John Murtagh is a now lawyer and a Yonkers city councilman running for the state Senate on the GOP ticket. I reached him this week through his campaign. It wasn't hard.
Has Barack Obama ever tried? Obama was only 8 when Murtagh's house was bombed. He has nothing to do with the trauma the Murtagh family went through. But Obama was a grown man when he decided his path to power lay through Bill Ayers' connections. In the Chicago establishment, which embraced former terrorists like Ayers and his wife, Obama was encouraged to look beyond the obvious - the lawlessness, the attacks on cops, judges, army outposts - to embrace larger goals.
What were these goals? How does Obama come to continue to associate with Ayers - a man who can't bring himself to say to John Murtagh or to John's mother or any other kin of the attacked: I'm sorry. I was wrong. It was a terrible thing to do. Obama's campaign is busy fudging. His top political adviser claims Obama just didn't know Ayers' history when they first met. Bomber? What bomber? Right.
"If that's true, Obama has to be the dumbest man who ever graduated from Columbia University and Harvard Law School," snorts Murtagh. "I don't buy that at all."
Murtagh believes the relationship between the Obamas, Ayers and Dohrn goes back 30 years, to Michelle Obama's time at Sidley Austin, a law firm that also employed Dohrn. Murtagh doesn't blame Obama for what Ayers and his friends did. He blames Obama for picking a man like Ayers as a friend and mentor - and then covering up the friendship. In politics, things get complicated. Truth becomes hard to find. But not this.

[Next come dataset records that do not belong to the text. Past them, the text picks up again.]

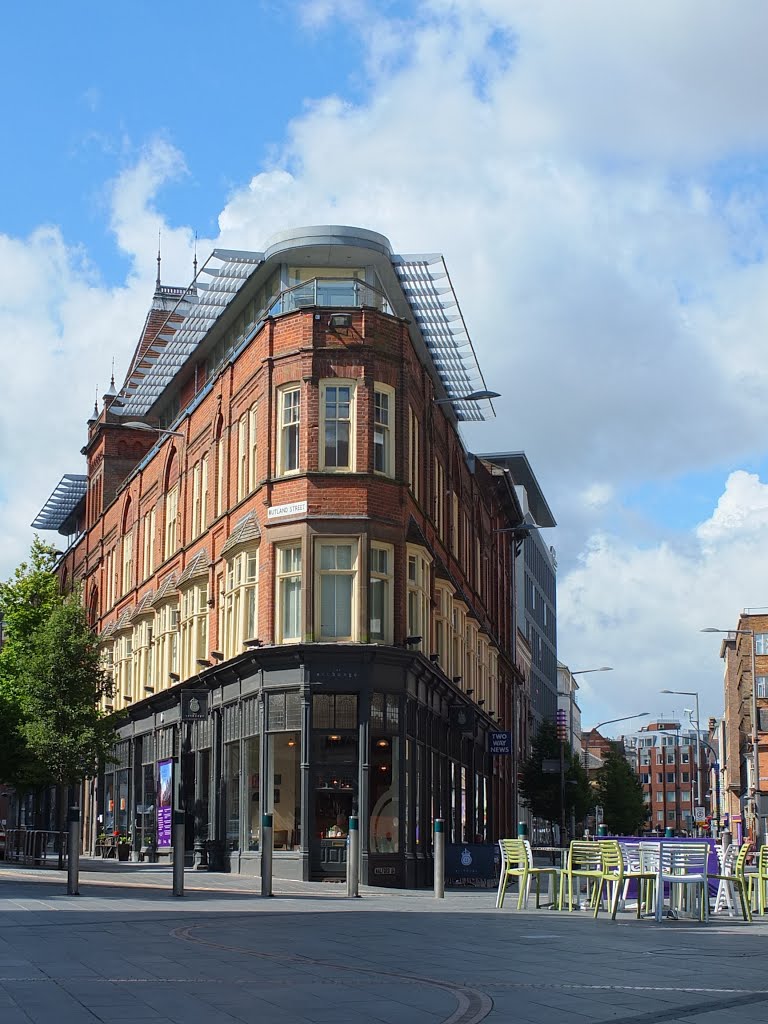 The Exchange Building near the Curve Rutland Street,Leicester. by Bobsky.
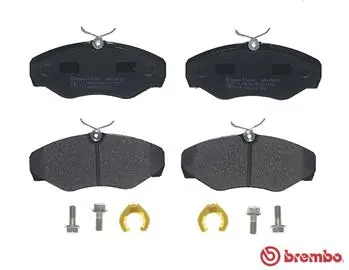 P56061 Brembo Sapatas do freio dianteiras de disco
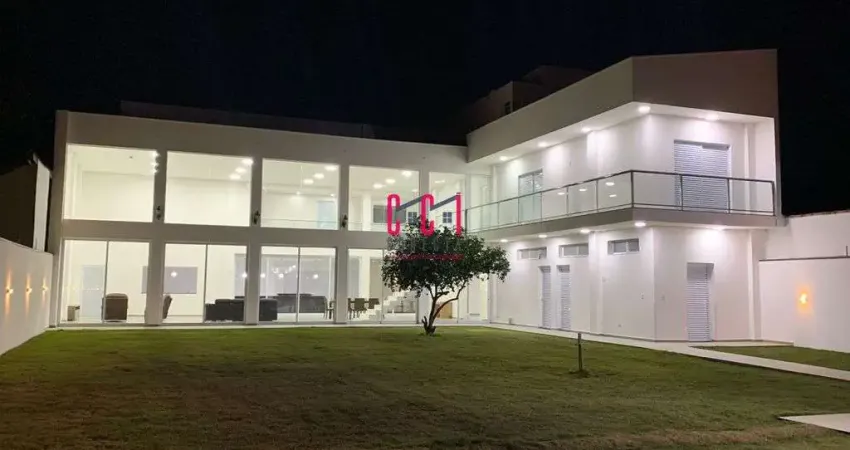 Chácara Sobrado em Indaiatuba, Colinas de Indaiatuba I com 4 suítes - 580 m²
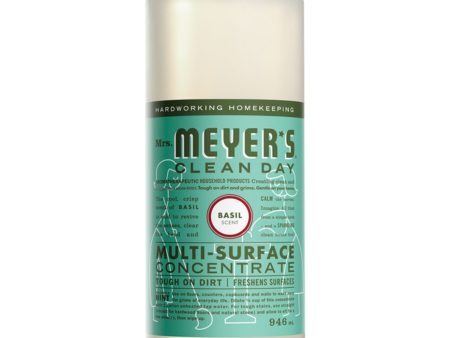 Mrs Meyer s Multi-Surface Concentrate Basil 946ml Hot on Sale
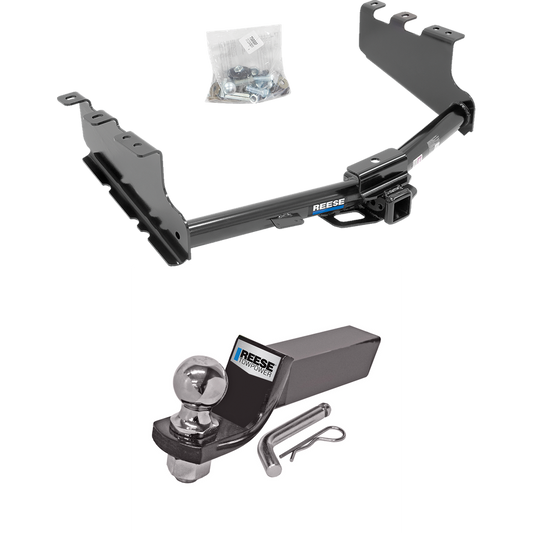 Fits 2014-2018 GMC Sierra 1500 Trailer Hitch Tow PKG w/ Starter Kit Ball Mount w/ 2" Drop & 2" Ball By Reese Towpower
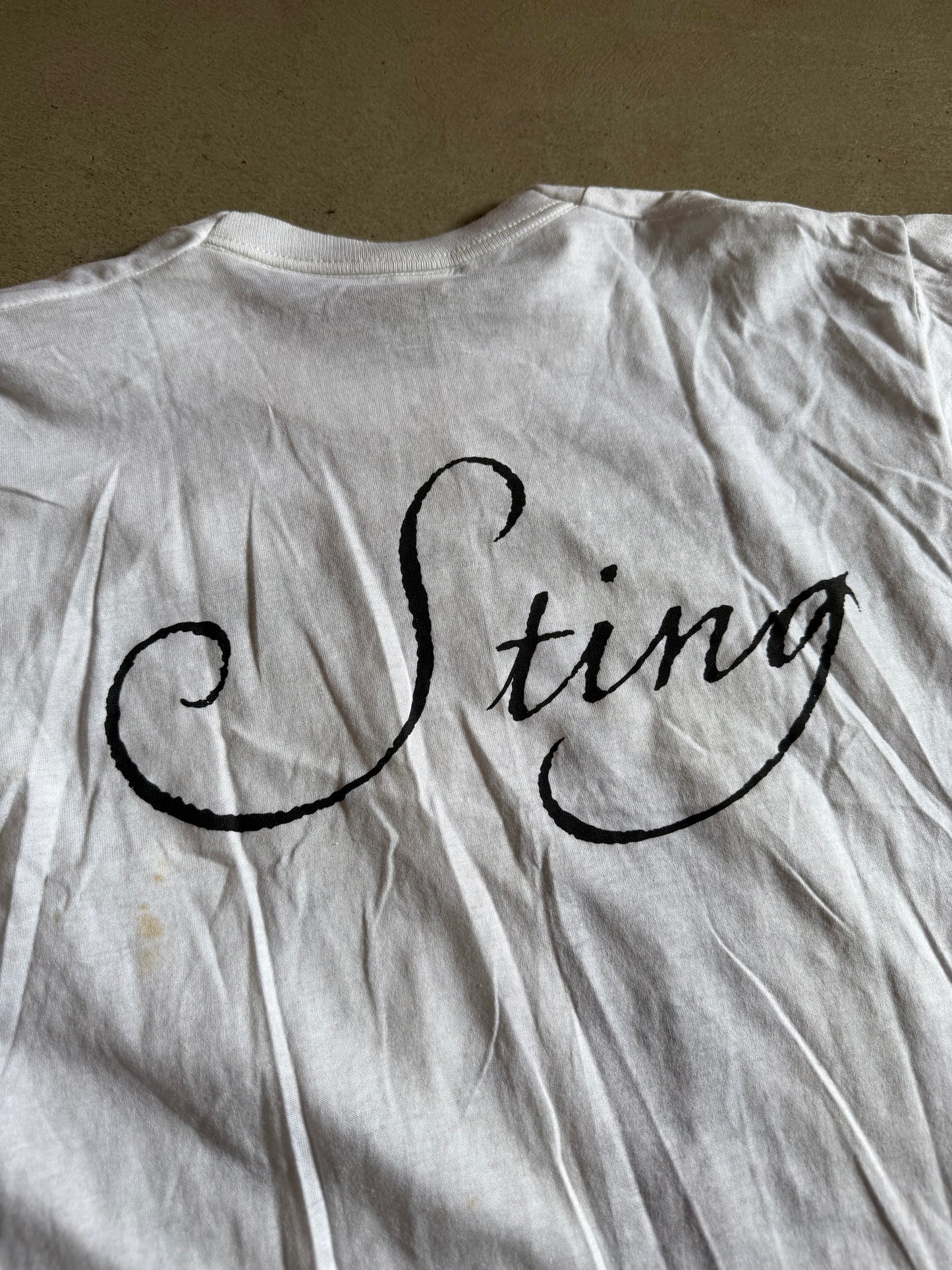 VTG 1991 Sting Backstage Pass Concert Tee Sz Med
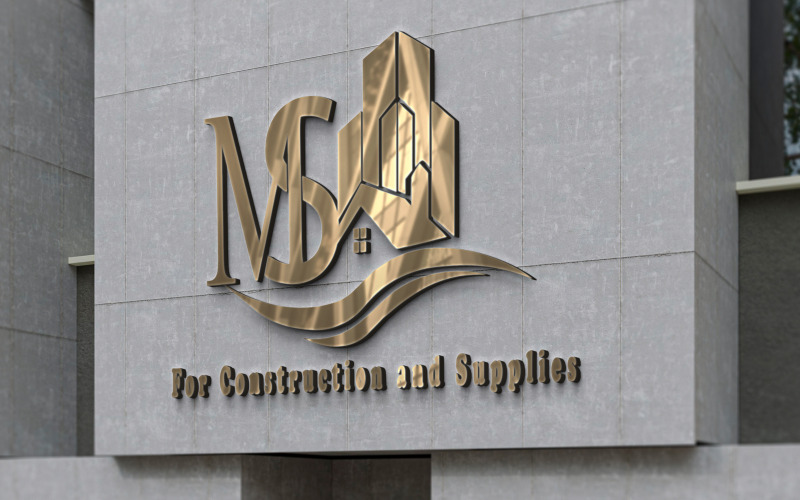 Logo MS dla firmy budowlanej i dostawczej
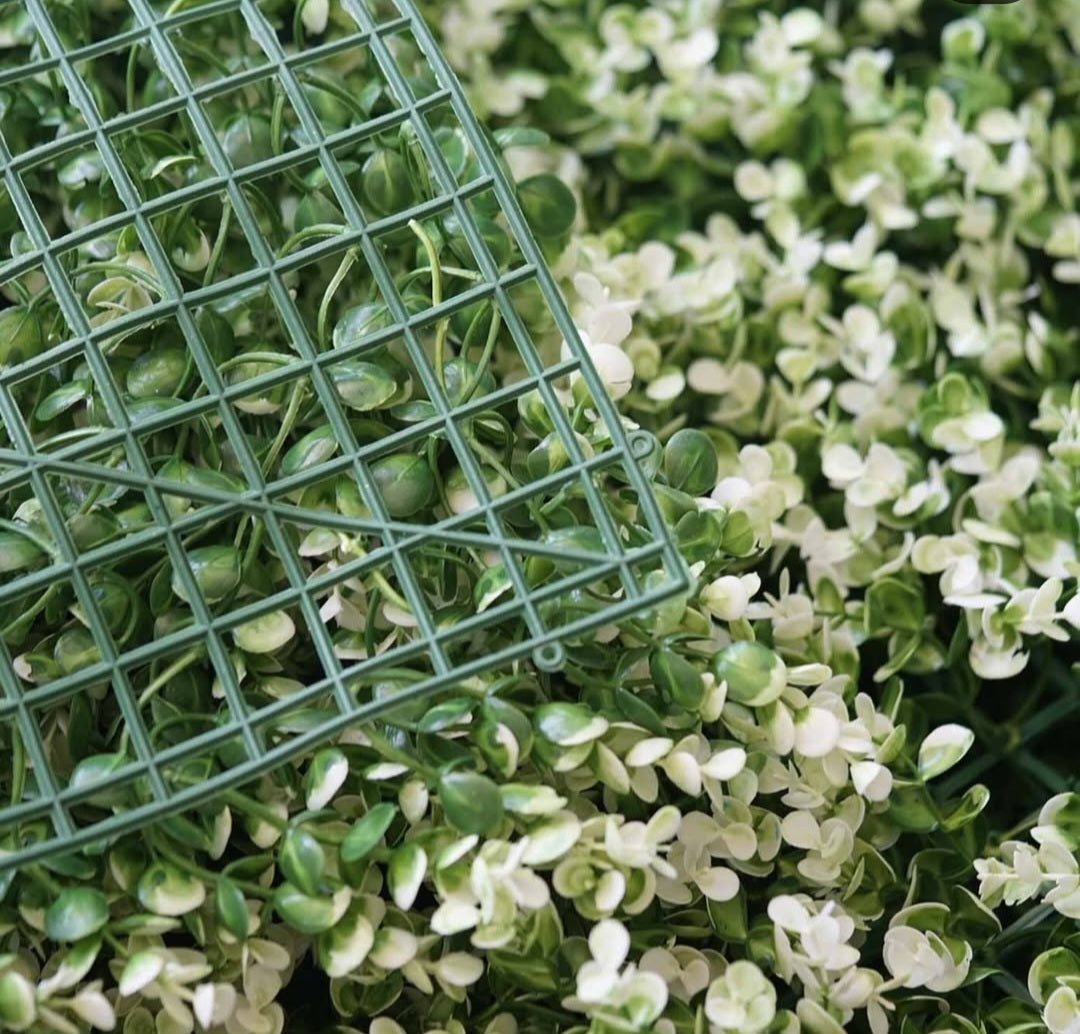 Set 6 x panouri decorative Green White , 40 x 60 cm/ buc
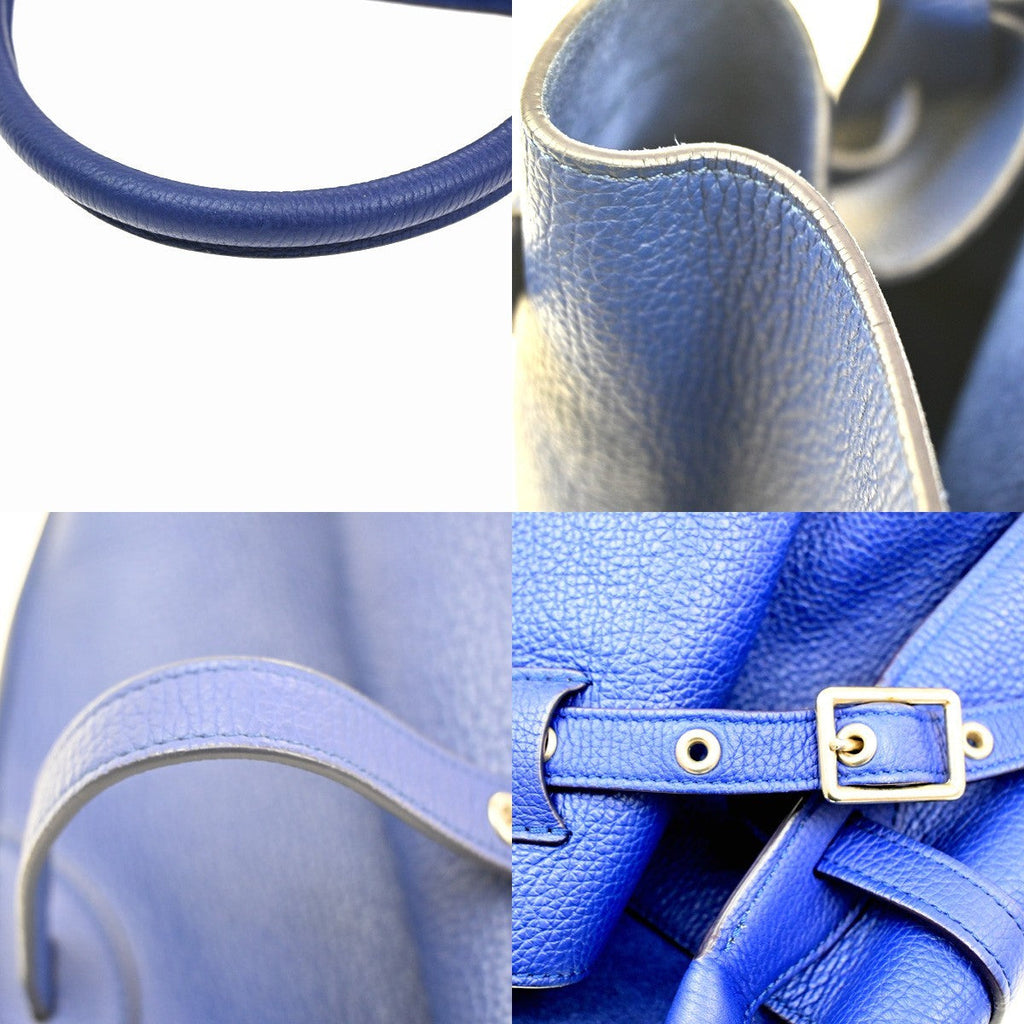 Celine Big Bag Bucket Leather Blue Leather Handbag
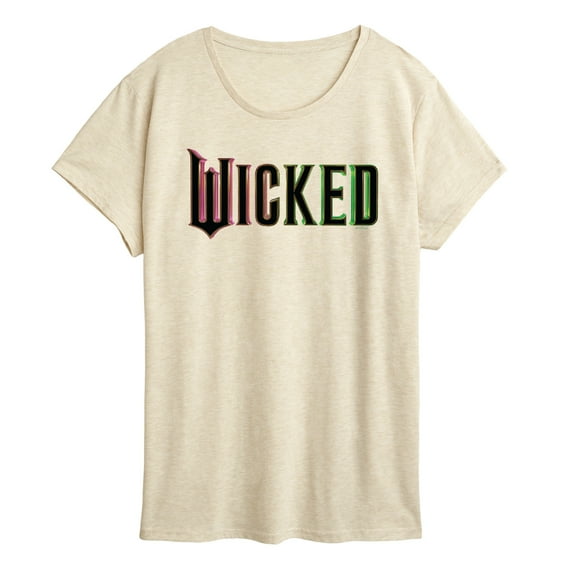 Wicked - Theatrical Rainbow Logo - Women's Short Sleeve Graphic T-Shirt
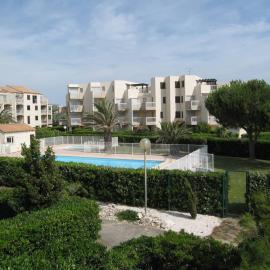 Saint-Cyprien: T2 cabine rénové 6 pers, piscine, parking, à 100m de la plage - FR-1-106-80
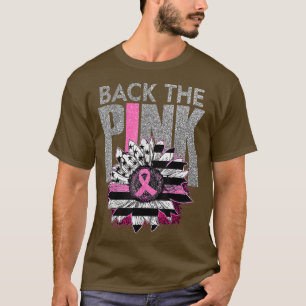 Zurück zum rosa Sonnenblumen-Flachbandkrebs T-Shirt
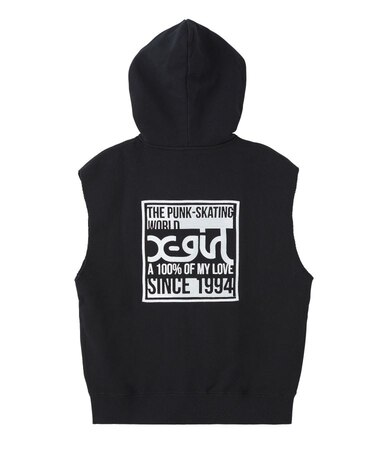 SIGNBOARD LOGO ZIP UP SWEAT VEST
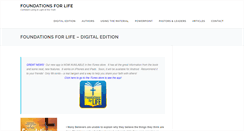 Desktop Screenshot of foundationsonline.org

"The night they attacked our home, they also firebombed an army recruiting station out in Brooklyn and police patrol cars outside of Greenwich Village," notes Murtagh. "Three weeks later, they accidentally blew themselves up. They intended to attack the officer's club at Fort Dix."
Lay your cards on the table, says Murtagh. "Obama's free to associate with Dohrn and Ayers; that's his right," he tells me. "But don't hide the relationship, and be forthcoming and let people decide the significance of it for themselves."